RECORDS PROVIDED:
****************************************
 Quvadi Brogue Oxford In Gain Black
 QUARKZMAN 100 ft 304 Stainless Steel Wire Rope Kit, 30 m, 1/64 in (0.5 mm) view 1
****************************************
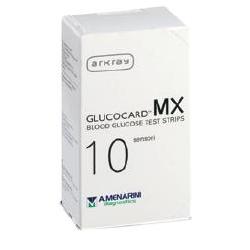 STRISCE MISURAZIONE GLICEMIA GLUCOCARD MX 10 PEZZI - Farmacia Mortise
****************************************
PROBLEM DETAILS:
For the material above, reproduce exactly the lines from the line with "Quvadi Brogue Oxford In Gain Black" to the line with "QUARKZMAN 100 ft", inclusive, and exclude all others.

ANSWER BOX:
 Quvadi Brogue Oxford In Gain Black
 QUARKZMAN 100 ft 304 Stainless Steel Wire Rope Kit, 30 m, 1/64 in (0.5 mm) view 1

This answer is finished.